Moderator Marilynne Beard told council members they need to model respect to staff and community so that’s the norm.

New Councilmember Jon Quitslund said when he was on the planning commission he was told early on that they want to work toward consensus, and disagreements are discussed outside of meetings.

Beard said that was a value passed on to him. It was an expectation on how to “disagree respectfully.”

Councilmember Kirsten Hytopoulos, who has been on council seven years, said rather than honesty and transparency she has since paranoia and attacks. She said even though the council last year aligned more politically it was more dysfunctional than the one now.

Councilmember Leslie Schneider, in her fourth year, said she did not get an introduction like Quitslund did. But she said some of her most-rewarding moments have been outside-council conversations.

Another newer councilmember, Clarence Moriwaki, said, “We need to have fun together.”

Beard said that is an important element often missing on the council.

“When was the last time anyone told a joke?” Mayor Joe Deets asked. “It can break the tension.”

Hytopoulos said many on the council have felt it wasn’t a safe place for humor.
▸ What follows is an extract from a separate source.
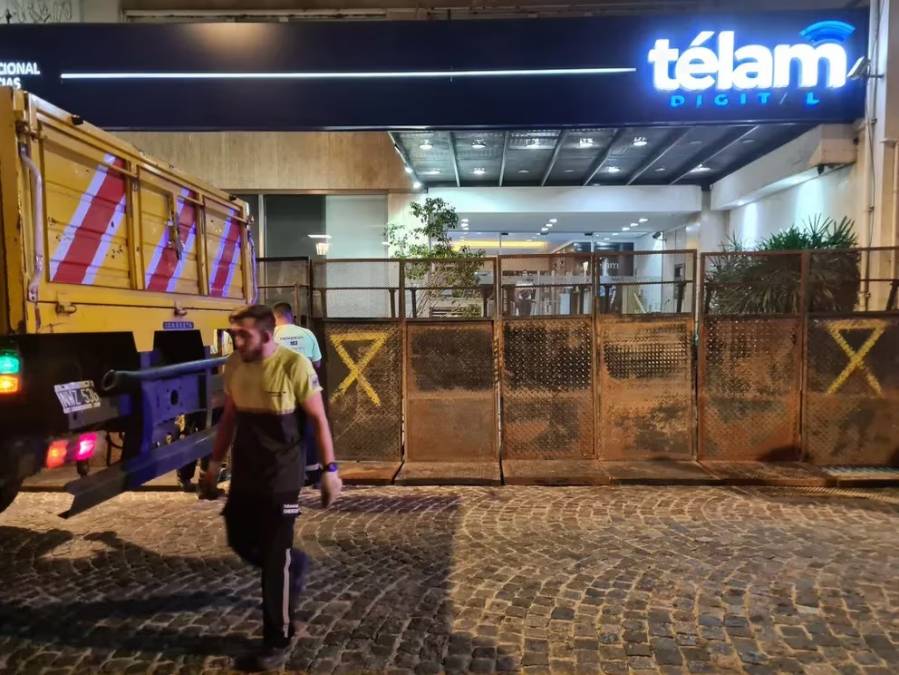 Tras el anuncio de cierre, los trabajadores de Télam fueron licenciados y el servicio está caído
Another often missing aspect is flexibility. Ideas are often it’s my way or the highway. Beard said there might be a nugget in someone’s opposition that could be included with a little compromise. “How can we capture that?” she asked.

Hytopoulos said they could try to find that “sweet spot” to come to consensus.

Beard said you can read each other’s body language to see if they have a different perspective. “Invite them in,” she said.

For example, Councilmember Michael Pollock did not attend the event. Beard said he might “feel out of place” among the council.

Deets said as mayor it might be his job to reach out, but he had a problem with Pollock not showing up.

Deputy Mayor Brenda Fantroy-Johnson said even though they may starting talking about an issue in different places she would like them all to come together at the end.

Regarding coming to consensus, city manager Blair King said, “You don’t have to have it,” but it brings an element of trust when there is compromise and everyone is on board.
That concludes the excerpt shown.